A little bonus math:
http://mwomercs.com/...-a-brief-guide/
"LB 10-X & Flamer
1x Crit = 39%
2x Crit = 22%
3x Crit = 7%
Total Crit Chance = 67%"
Using this and the 15% metric, we can come up with rough values of structural xfer.
39% of time it's 1 dmg (15% of bonus dmg = .15 xfer 5.85 dmg (out of 100 shots)
22% of time it's 3 dmg (15% of bonus dmg = .45 xfer 9.9 dmg (out of 100 shots)
7% of time it's 5 dmg (15% of bonus dmg = 1.05 xfer 7.35 dmg (out of 100 shots)
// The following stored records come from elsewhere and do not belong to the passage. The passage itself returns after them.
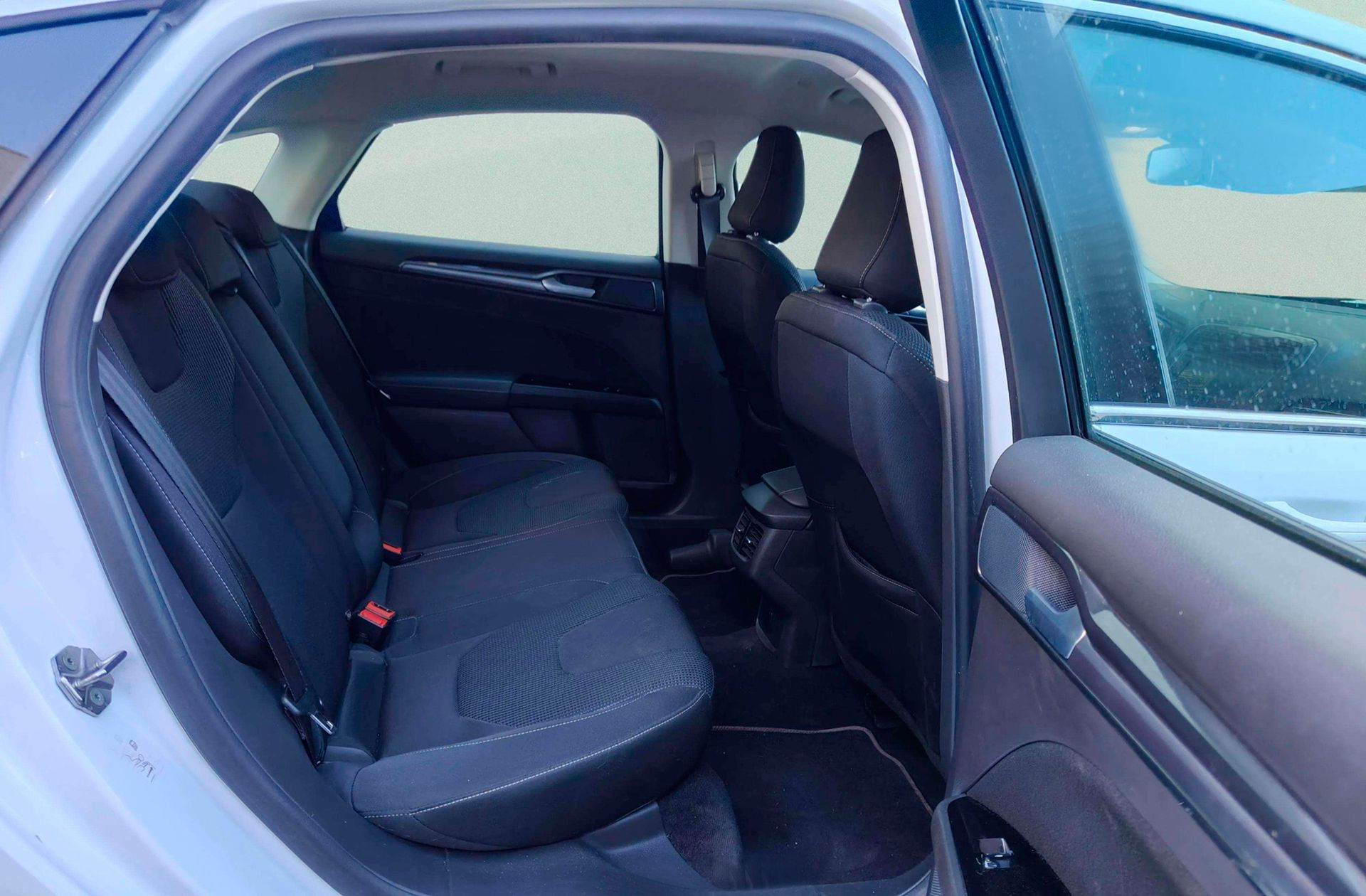 Ford Mondeo 2.0 Híbrido HEV Sedan Titanium - foto 16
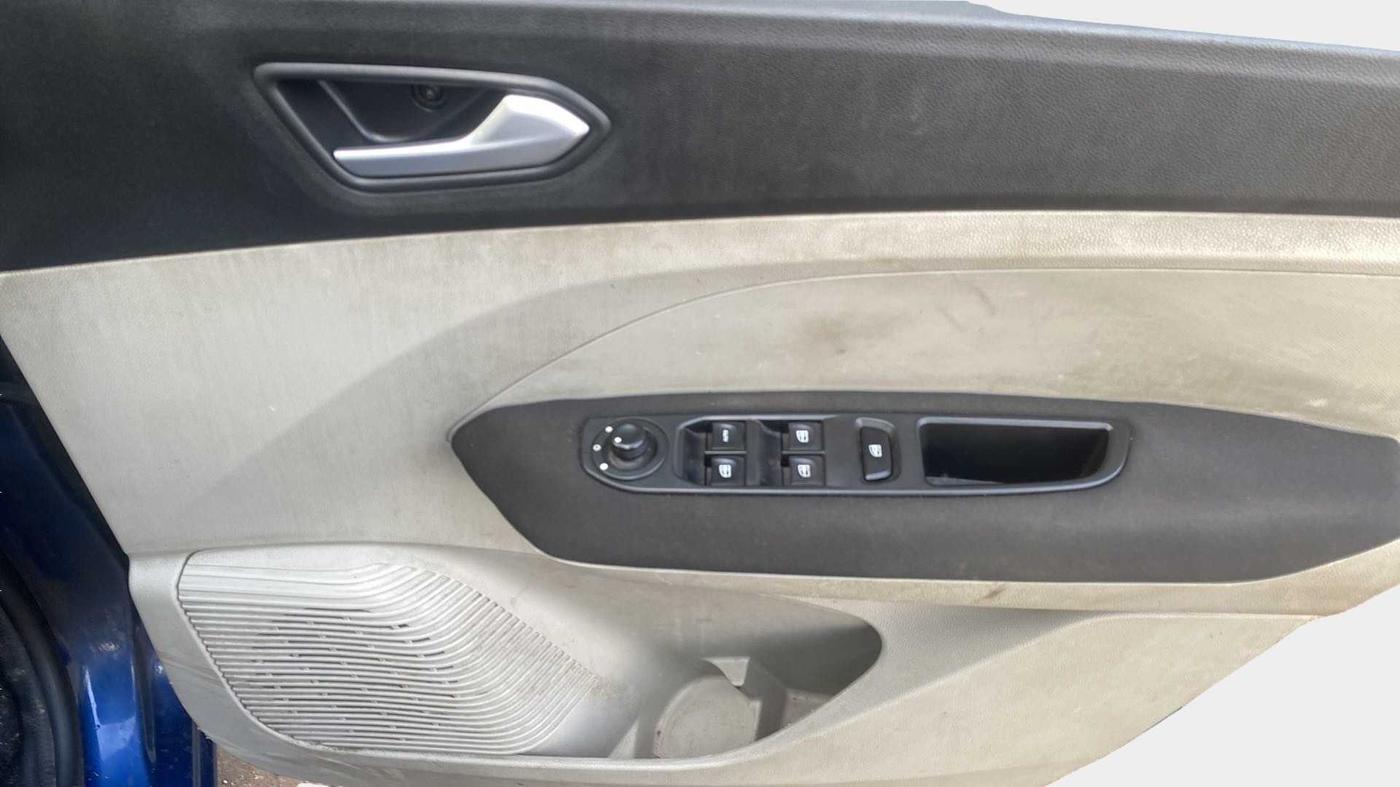 2021 Renault TRIBER RXZ AMT DUAL TONE, CNG, Automatic, 51,427 km, Driver Side Door Panels Control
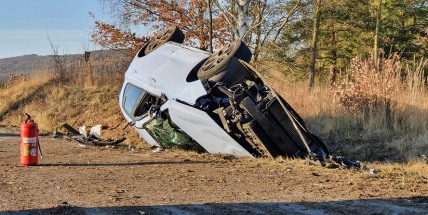 Po nárazu se auto přetočilo na střechu, policisté silnici uzavřeli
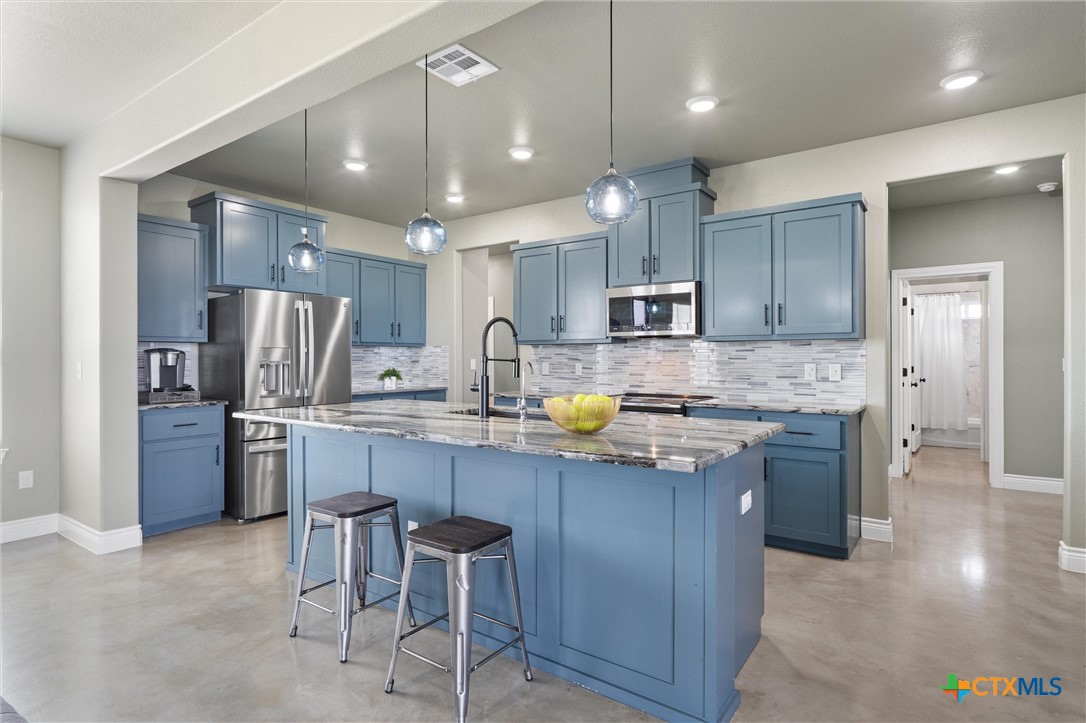 15073 Armstrong Estates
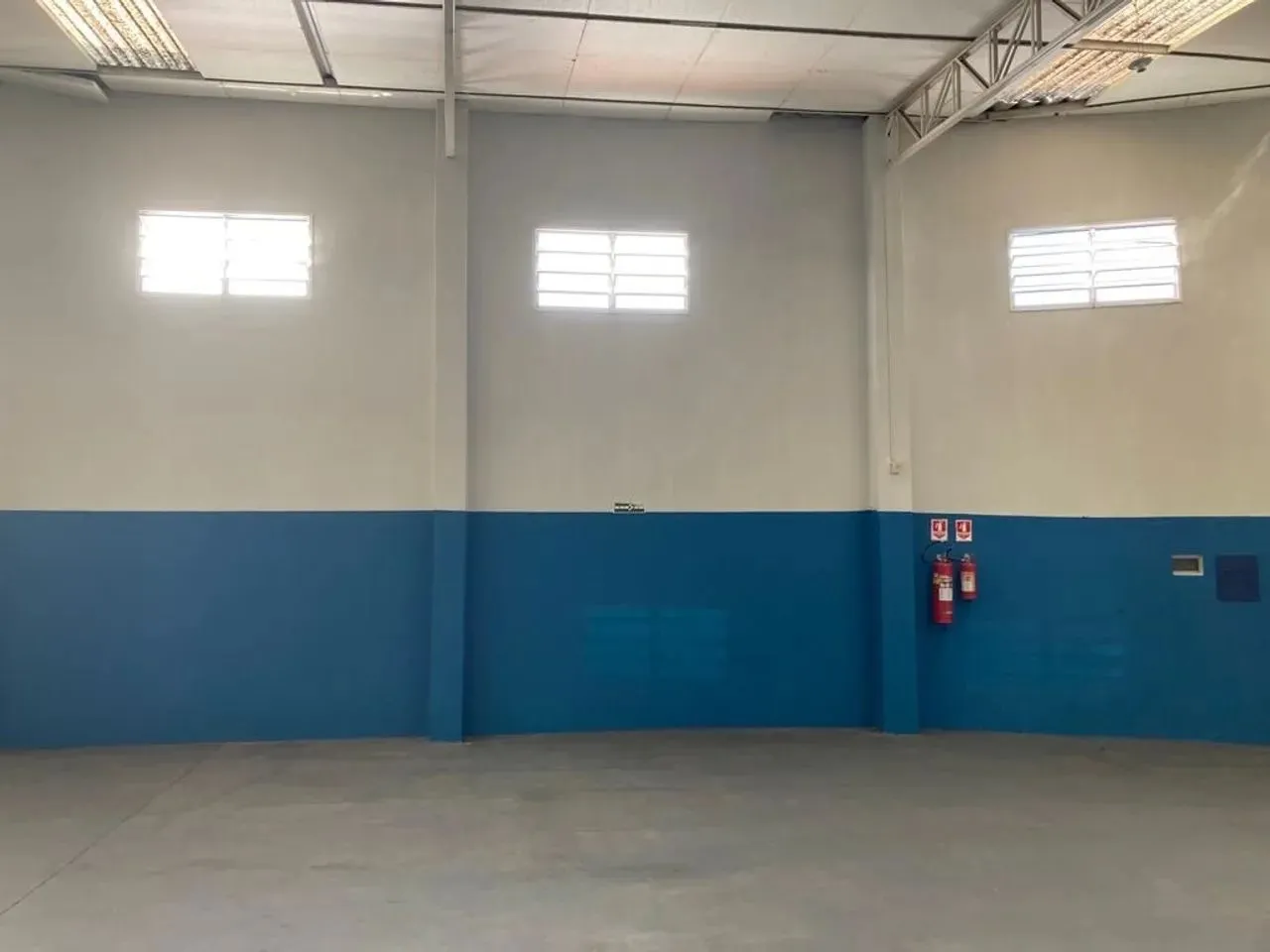 Imagem Galpão Comercial para Locação em Sorocaba-SP, Jardim Bertanha - 1 Sala, 1 Banheiro, 230m² de Área!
33% of the time, it's 0 extra dmg
Average structural transfer per pellet: .231 dmg
If all 10 hit, on average you will do a damage increase of: 2.31 dmg.
This gives us an average .924 dps increase for the weapon. It's nearly a 25% increase (23.1%, of course) on stripped armor. (Final average dps is 4.924 / weapon if my math isn't bad).
This is of course, a maximum damage value. But the reality is in my case I'm firing in pairs or triples on injured structural sections in ways to maximize the damage and trying to minimize pellet loss. This is a pilot skill issue. Even assuming my own personal average of 7.2 hits per shot:
7.2/2.5 = 2.88 REAL dps (factoring in misses, which can be done for any weapon and in most cases for me this is actually one of the highest I have) - 23.1% increase would be: 3.55 dps.
So to answer your question:
let's hypothesize a 1.4 dmg per pellet firing:
14/2.5 = 5.6 dps.
14*.72/2.5 = 4.08 "real" dps. This would put it so firmly above any other weapon it'd far and away be the best weapon in the game at that point.
At this point I'll simply defer to my experience with the weapon. It works fine for me. Changing to a flat damage increase would be easier for people to understand and from a game design standpoint makes more sense as a developer. But they're canadian. We can't expect them to do things easily or simply
So since we have what we have:
The LBX is a generally mediocre weapon that is situationally exceptional.
If you don't like that, stick with your meta-boats.